FIGS. 7A and 7B are illustrations of the mesh structure shown in FIG. 6. Mesh 14 is formed by weaving warp and weft 14a and 14b both of metal, as shown in FIG. 7A. Cloth 11 is in tight contact with the recessed and protruded surfaces formed by weaving of warp and weft 14a and 14b of mesh 14. At this time, sizes of recess and protrusion are determined by the diameters of warp and weft 14a and 14b, as shown in FIG. 7B. Therefore, if the recesses and protrusions on the surface of cloth 11 are considerably large, the position on the surface of cloth 11 reached by jetted ink drops D would be offset from the positions reached when there is not any recess or protrusion, whereby satisfactory dyeing would be impossible. In order to prevent this problem, the height from each protruded surface to each recessed surface formed at the surface of cloth 11 should necessary be at most 0.5 mm, as will be described later. The height from each recessed surface to each protruded surface of cloth 11 would be referred to as level difference. The position reached by ink drops D on the surface of cloth 11 when there is not any recess or protrusion at the surface of cloth 11 would be referred to as desired target position. Further, offset of the actual position reached from the desired target position would be referred to as offset from target position in the following.

The reason why the level difference should be at most 0.5 mm will be described. When printing is done by an ink jet printer at the density of 180 dpi and ink jet period of 5 kHz, the speed of movement of ink jet head 6 is 70.5 cm/sec. The speed of jetting ink from ink jet head 6 is set to 6 m/sec. At this time, the direction of emission of ink drop D matches the direction of a vector of 6 m/sec. and 0.705 mm/sec. Accordingly, when the distance between ink jet head 6 and cloth 11 is enlarged when there is formed a recess at the surface of cloth 11, ink drop D would be offset from the target position at the surface of cloth 11. Offset from target position will be eliminated when the distance between ink jet head 6 and the surface of cloth 11 is kept constant, that is, when the cloth 11 does not have any recess or protrusion on its surface. However, the larger the level difference, the longer the period of travel of ink drop D, resulting in larger offset from target position. Accordingly, the pattern to be formed on the surface of cloth 11 by ink drops D would be distorted to a larger extent. When offset from target position is not larger than 1/2 dot (0.075 mm), the distortion of pattern formed on the surface of cloth 11 is not at all a problem. FIG. 8 shows, in a table, variation in offset from target position, on the surface of cloth 11 of ink drops D with respect to the variation in distance DT between ink jet head 6 and the surface of cloth 11 and variation of the speed of ink emission, of the ink jet head of FIG. 1.

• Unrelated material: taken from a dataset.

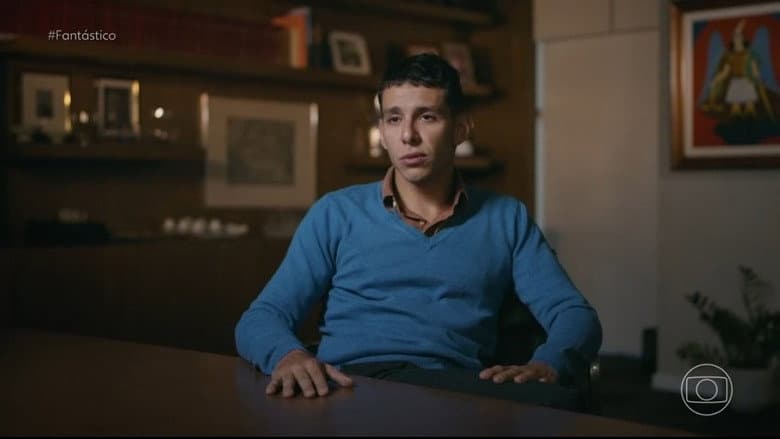Arthur, O Herdeiro Oculto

Referring to FIG. 8, the speed of ink emission from ink jet head 6 is varied from 8 m/s, to 6 m/s and 4 m/s. In Case 1, offset from target position of ink drop D at the surface of cloth 11 for respective ink emission speed when the distance DT between ink jet head 6 and the surface of cloth 11 is 4 mm are shown. Similarly, Case 2 shows offset from target position for respective ink emission speed when the distance DT is 3.5 mm. Case 3 shows offset from target position for respective ink emission speed when distance DT is 3 mm.

Cases 4 and 5 show variation in offset from target position for respective ink emission speed, respectively, when variation ΔDT in distance DT is 1 mm and 0.5 mm, respectively. The variation in offset from target positions of Case 4 is obtained from values of Cases 1 an 3, and variation in offset from target position of Case 5 is obtained from values of Cases 1 and 2.

As can be understood from FIG. 8, when the speed of emission of ink is increased, the offset from target position is made smaller. When the speed of emission of ink is constant, the offset from target position is always constant. Therefore, provided that the surface of cloth 11 is flat without any recess or protrusion, there will never be an offset from target position. When there is recesses and protrusions on the surface of cloth 11 with the level difference exceeding 1 mm, then offset from target position would never be smaller than 0.075 mm even when the speed of ink emission is increased. When the level difference is set to be 0.5 mm at most, the offset from target position can be suppressed to at most 0.0588 mm with the ink emission speed of 6 m/sec.

Therefore, when mesh 14 is provided at opening 7a of platen 7 as shown in FIG. 6, mesh 14 having warp and weft 14a and 14b having diameters and spaces selected appropriately to ensure level difference of at most 0.5 mm at the surface of the cloth 11 should preferably be used. Here, the area of each opening of mesh 14 is determined dependent on the thickness of cloth 11 and magnitude of air suction pressure. An experiment with conducted using a thin and soft cloth 11 for a T shirts with inner pressure of platen 7 set to 0.7 Pa and 0.5 Pa, respectively. The preferable area of each opening of mesh 14 was at most 25 cm2.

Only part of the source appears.